*Exercise objective:*
Your task is to output all the records below, word for word.

(Stored items)

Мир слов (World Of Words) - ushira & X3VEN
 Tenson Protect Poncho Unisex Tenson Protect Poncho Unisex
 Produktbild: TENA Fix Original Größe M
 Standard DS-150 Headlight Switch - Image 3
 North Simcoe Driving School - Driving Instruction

*Written solution:*
Мир слов (World Of Words) - ushira & X3VEN
 Tenson Protect Poncho Unisex Tenson Protect Poncho Unisex
 Produktbild: TENA Fix Original Größe M
 Standard DS-150 Headlight Switch - Image 3
 North Simcoe Driving School - Driving Instruction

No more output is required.